The app will quite often hang, failing to load anything from the database for up to 2 minutes at a time. I don’t see anything obvious in the logs or the metrics that would suggest common failures like resource exhaustion except for this log in the Postgres app:
2023-07-10T00:12:34.399 health[xxx] ewr [error] Health check for your postgres vm has failed. Your instance has hit resource limits. Upgrading your instance / volume size or reducing your usage might help. [✗] cpu: system spent 1.22s of the last 10 seconds waiting on cpu (18.64µs)
I have found Postgres Configuration Tuning · Fly Docs but what I cannot figure out is how to get the data I will need to figure out what is actually going wrong so that I change the right setting. I would rather not scale something that is unrelated. The overview page says it has an average memory usage of 1/3 the available memory, and average load of 0.75, and the metrics graphs don’t show any meaningful spikes that would explain why resources are exhausted.
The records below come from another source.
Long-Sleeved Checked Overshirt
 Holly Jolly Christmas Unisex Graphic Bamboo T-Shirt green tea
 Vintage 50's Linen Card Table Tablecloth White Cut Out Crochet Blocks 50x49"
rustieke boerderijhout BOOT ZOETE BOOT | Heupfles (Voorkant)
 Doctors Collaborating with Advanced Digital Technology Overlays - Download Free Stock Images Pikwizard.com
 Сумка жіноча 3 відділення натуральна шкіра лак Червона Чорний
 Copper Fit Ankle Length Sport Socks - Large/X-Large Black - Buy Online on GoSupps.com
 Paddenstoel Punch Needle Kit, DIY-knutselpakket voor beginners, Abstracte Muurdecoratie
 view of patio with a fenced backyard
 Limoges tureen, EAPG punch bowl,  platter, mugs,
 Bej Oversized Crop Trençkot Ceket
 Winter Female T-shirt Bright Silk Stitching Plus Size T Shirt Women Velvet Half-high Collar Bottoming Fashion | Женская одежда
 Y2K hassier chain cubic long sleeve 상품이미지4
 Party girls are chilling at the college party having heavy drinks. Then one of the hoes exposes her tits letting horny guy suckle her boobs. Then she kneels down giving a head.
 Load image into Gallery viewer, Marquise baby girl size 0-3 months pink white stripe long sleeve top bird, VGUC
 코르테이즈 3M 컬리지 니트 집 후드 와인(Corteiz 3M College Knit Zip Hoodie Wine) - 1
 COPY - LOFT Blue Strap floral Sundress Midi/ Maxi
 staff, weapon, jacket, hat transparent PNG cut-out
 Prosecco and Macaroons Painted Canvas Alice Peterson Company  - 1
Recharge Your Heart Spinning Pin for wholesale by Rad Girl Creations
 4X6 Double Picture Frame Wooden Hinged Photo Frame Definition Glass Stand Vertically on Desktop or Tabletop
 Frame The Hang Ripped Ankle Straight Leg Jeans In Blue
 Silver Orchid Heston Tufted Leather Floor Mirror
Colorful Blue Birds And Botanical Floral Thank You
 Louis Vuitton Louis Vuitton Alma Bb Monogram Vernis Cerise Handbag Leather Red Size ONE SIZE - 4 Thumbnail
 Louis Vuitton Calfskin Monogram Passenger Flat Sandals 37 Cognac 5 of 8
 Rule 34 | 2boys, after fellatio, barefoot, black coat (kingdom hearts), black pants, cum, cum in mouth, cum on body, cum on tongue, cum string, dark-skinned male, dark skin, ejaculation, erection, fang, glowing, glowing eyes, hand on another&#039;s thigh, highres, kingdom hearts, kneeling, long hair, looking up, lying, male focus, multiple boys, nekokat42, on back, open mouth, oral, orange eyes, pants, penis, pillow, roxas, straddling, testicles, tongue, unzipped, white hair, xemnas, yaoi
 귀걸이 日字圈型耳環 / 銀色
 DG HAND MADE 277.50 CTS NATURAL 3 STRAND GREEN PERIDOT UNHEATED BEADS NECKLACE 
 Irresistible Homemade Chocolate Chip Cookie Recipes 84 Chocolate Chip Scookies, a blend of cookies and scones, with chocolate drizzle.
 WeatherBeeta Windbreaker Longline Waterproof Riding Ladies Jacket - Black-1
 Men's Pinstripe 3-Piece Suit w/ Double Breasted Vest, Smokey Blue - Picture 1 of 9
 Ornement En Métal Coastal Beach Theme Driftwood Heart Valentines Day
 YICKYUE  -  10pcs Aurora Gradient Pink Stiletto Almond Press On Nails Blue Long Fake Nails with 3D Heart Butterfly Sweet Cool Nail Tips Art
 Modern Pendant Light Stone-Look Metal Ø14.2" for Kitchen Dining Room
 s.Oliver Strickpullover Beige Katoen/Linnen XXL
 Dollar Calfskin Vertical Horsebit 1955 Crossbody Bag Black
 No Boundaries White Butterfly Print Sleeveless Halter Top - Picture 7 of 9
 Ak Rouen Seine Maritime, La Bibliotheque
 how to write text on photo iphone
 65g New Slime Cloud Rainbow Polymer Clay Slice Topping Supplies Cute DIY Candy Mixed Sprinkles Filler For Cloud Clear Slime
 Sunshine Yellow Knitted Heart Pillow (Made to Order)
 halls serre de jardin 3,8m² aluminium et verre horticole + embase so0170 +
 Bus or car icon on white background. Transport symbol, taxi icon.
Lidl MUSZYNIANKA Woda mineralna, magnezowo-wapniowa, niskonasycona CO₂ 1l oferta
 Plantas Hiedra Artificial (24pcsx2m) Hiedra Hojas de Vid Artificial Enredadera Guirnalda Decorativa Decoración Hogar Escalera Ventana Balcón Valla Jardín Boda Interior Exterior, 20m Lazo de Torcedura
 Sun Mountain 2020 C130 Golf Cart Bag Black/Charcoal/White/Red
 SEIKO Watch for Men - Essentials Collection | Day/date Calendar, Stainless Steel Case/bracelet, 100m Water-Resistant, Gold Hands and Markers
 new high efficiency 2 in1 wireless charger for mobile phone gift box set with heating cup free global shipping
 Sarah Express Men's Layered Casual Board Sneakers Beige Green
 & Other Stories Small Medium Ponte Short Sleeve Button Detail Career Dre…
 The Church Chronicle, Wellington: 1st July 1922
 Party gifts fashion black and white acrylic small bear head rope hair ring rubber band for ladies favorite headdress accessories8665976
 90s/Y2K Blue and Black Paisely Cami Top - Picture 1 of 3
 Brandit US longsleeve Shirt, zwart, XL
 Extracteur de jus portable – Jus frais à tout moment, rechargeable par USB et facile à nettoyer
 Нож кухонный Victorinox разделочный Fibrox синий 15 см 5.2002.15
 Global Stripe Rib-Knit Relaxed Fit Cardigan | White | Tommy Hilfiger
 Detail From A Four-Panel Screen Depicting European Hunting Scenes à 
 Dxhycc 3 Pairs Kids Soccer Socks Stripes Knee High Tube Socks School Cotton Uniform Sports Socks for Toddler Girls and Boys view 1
Anyone have any ideas? The almost always fails at the critical moment when someone is trying to change something (it is used for scheduling at a small music camp) so this is a pretty serious flaw that I need to address as soon as possible.
to be clear: this is serious enough, I may be forced to find another provider if there are no good solutions. I can’t keep getting text messages from faculty members telling me the app won’t let them schedule stuff.
It’s always tricky to debug issues like this as there are so many variables. Some thoughts …
The best place to start would be with that line from the log. If the database is indeed having to wait for the CPU, that would explain large delays. Since it can’t do much without that. You say you don’t want to scale anything unrelated (which makes sense - you don’t want to pay for more resources than you actually need) however at least when it comes to debugging, sometimes that is exactly what you need to do to see what impact it has. With Fly you pay per second/minute or whatever, and so you could just upgrade the CPU for a day and see if your issues continue. If those errors go away, well that was highly likely the issue. Solved. If not, well logically it can’t have been that. You could increase the RAM. And so on.
If the budget doesn’t allow even a short increase in cost, the other (better) approach is to dig into your code and/or queries to see what exactly is using up the resources to avoid you needing to pay more. Look at what requests are slow. Depending on your app’s language (PHP, Nodejs …) and ORM (Eloquent, Prisma …) if you are using one, there should be some kind of debug option to see what queries it is doing.
You mention it failing when someone is trying to change something . That suggests an UPDATE query. Is that UPDATE looking at many rows? Is it using an index? The biggest performance boost is going to be from adding an index on whatever column you have in the WHERE. Else it will need to look at all the rows to find a match, which is slow and inefficient. Like … if you have WHERE user_id = ‘abcde’ … is there an index on that user_id column? If there isn’t, and there are lots of rows, that will be much slower than if there is.
If you have a copy of your query, try running it manually on your local machine. Stick EXPLAIN in front of it to see what Postgre’s plan is. Again, showing whether it will use an index or not.
average load of 0.75 is quite high for postgres (considering you have just a few concurrent users). It indicates that something is not performing well, such as missing indexes or a large amount of data being processed / aggregated.